Having taken a battering over the past few years, Big Food as we expect has come back fighting and recognised that cutting costs is not the only solution to its woes. Global brands are on the decline and regional/local ones on the up:
- Danone is focusing on growth of the local brands in its brand stable, and on high growth areas such as plant-based foods, dairy protein, rehydration (water!), and gut health (pre- and probiotics);
- Gut health has also appealed to Kellogg’s (launch of “Happy Inside” cereals) and to Unilever (investment in Culture Republick probiotic ice cream) as well as riding the healthy snacking trend by buying the UK’s Graze;
- Shifting business emphasis from slow or no growth developed markets to speedy emerging markets is the order of the day, too – Unilever’s sales increased 5% in the latter and 0.3% in the former last year;
- Even Big Meat, never first to the innovation parties, have lumbered forward with Tyson, JBS, Cargill and Purdue all launching flexitarian and plant-based “meat” products within the past few months. This is a segment that Nestlé seems stubbornly trying to embrace. Initially, the company failed with the launch of plant-based meals Garden Gourmet but, stoically Swiss as ever, Nestlé is re-launching it and has the impetus of providing its product as McDonald’s Big Vegan Burger, and has revealed to the world the Awesome Burger under the Sweet Earth label. Slow but generally sure, Nestlé aim to reach $1bn in sales within a decade from plant based products.

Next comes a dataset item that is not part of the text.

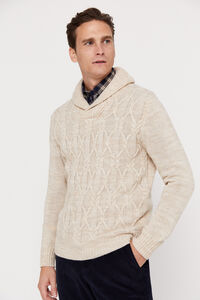 Cortefiel Aran wool shawl neck jumper Ivory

What’s all this mean to the rest of us – from broad acre arable farmers through SMEs in food manufacturing and meal & snack solution delivery? Change in the food and beverage industry is constant, inexorable and is clearly accelerating. Businesses of all shapes and sizes should reacquaint themselves with The Boiled Frog fable. Irrespective of the relevance to you of the second anniversary of Amazon’s Whole Foods purchase, ask yourself “In the last 24 months, what have we done in our business both to improve our position vis-á-vis our competitors and our customers?”. Go on, make a list! And for your products and services, what’s the fastest growing routes to the consumer and are you in them?
We started the blog talking about Amazon’s acquisition of Whole Foods and the tremor that this caused through global retailing. Two years on, the Whole Foods Division is the slow poke of the Amazon Empire (+2% p.a. revenue growth) dragging down overall corporate growth to a miserly 18%! Bricks & mortar grocery retailing is not in the stratospheric arena of cloud computing in which Amazon excels. Kroger – America’s Number 2 grocer – slipped backwards in sales last year. Since buying Whole Foods (and not because of), Amazon’s stock price has close to double, whilst Kroger has lurched to and fro and, currently, has scraped a 6% gain over its June 2017 price. It’s tough trucking in grocery retailing and that’s one of the reasons, dear readers, to put it delicately that big supermarket chains are such difficult entities to deal with!